WORK TO BE COMPLETED
Skip the pictures, please, and write out exactly the lines from the opening of the data through the line containing "Kjøkkenet har profilerte".

EXERCISE DATA
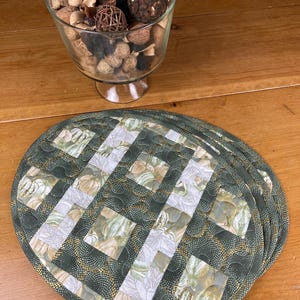 May include: A set of oval quilted placemats featuring a patchwork design with alternating squares of green and white fabric. The green fabric has a gold dotted pattern, while the white fabric displays a repeating print of light green pumpkins.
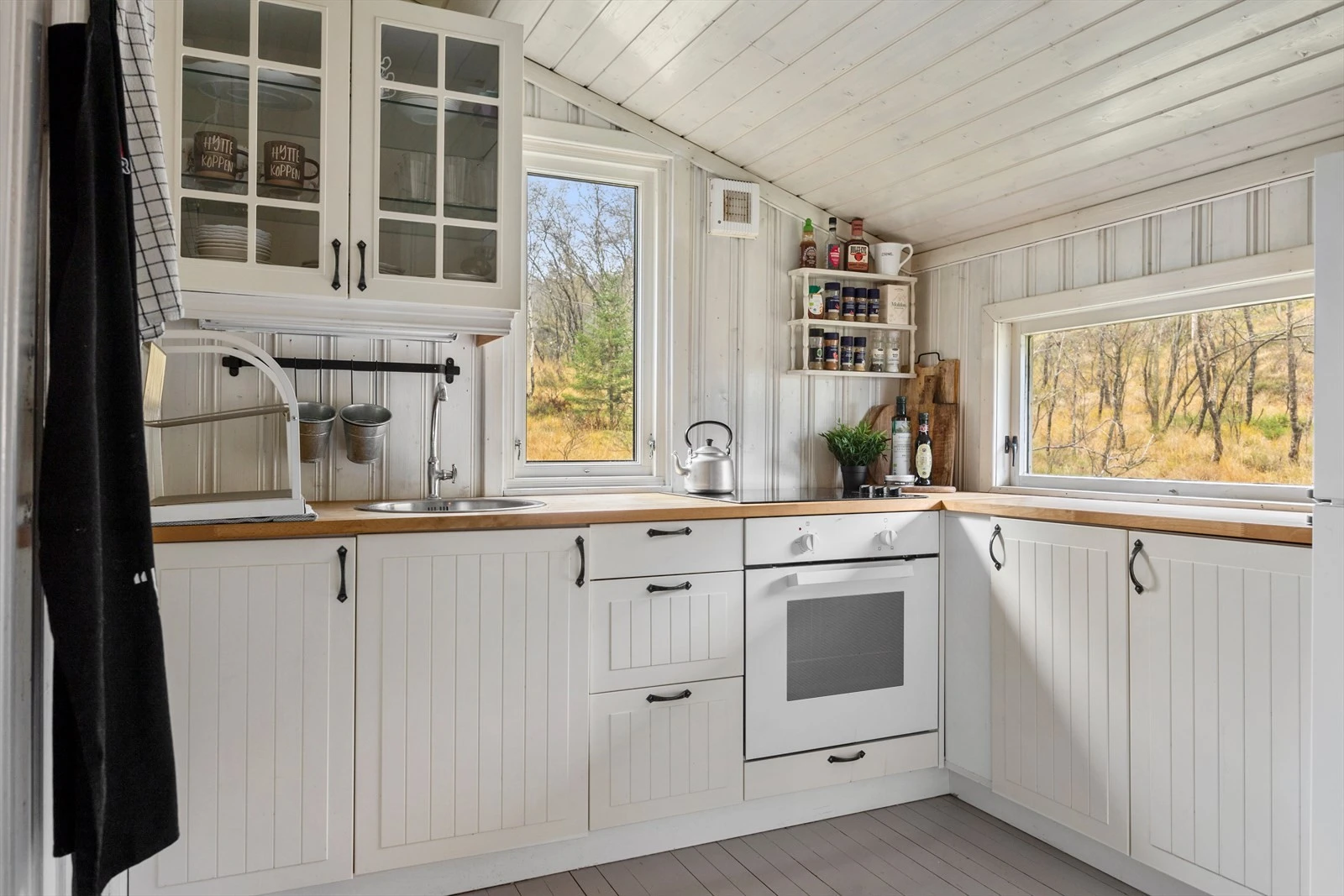 Kjøkkenet har profilerte fronter og en benkeplate av bøk med nedfelt vask. Kjøkkenet er utstyrt med integrert koketopp og ovn, noe som gjør matlagingen både enkel og effektiv. Galleribilde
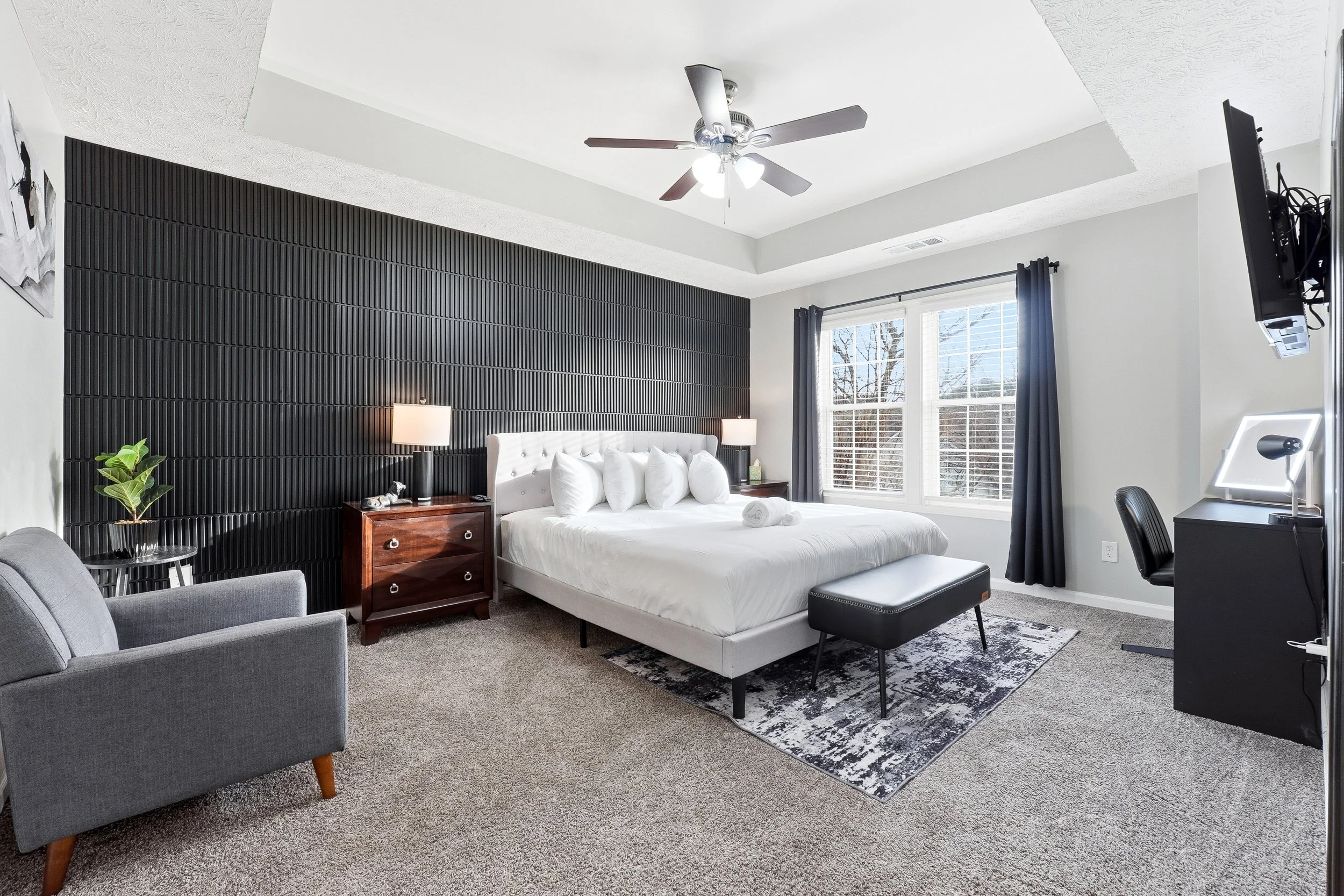 Bright living room with large windows, black sofas with blue pillows, a blue rug, and an open kitchen in the background.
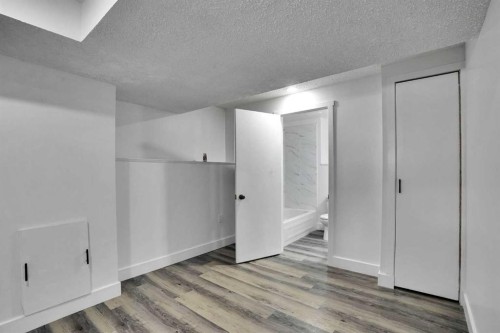 55 Falton Close Ne, Calgary, AB - Indoor Photo Showing Other Room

REPLY TO THE TASK
 May include: A set of oval quilted placemats featuring a patchwork design with alternating squares of green and white fabric. The green fabric has a gold dotted pattern, while the white fabric displays a repeating print of light green pumpkins.
 Kjøkkenet har profilerte fronter og en benkeplate av bøk med nedfelt vask. Kjøkkenet er utstyrt med integrert koketopp og ovn, noe som gjør matlagingen både enkel og effektiv. Galleribilde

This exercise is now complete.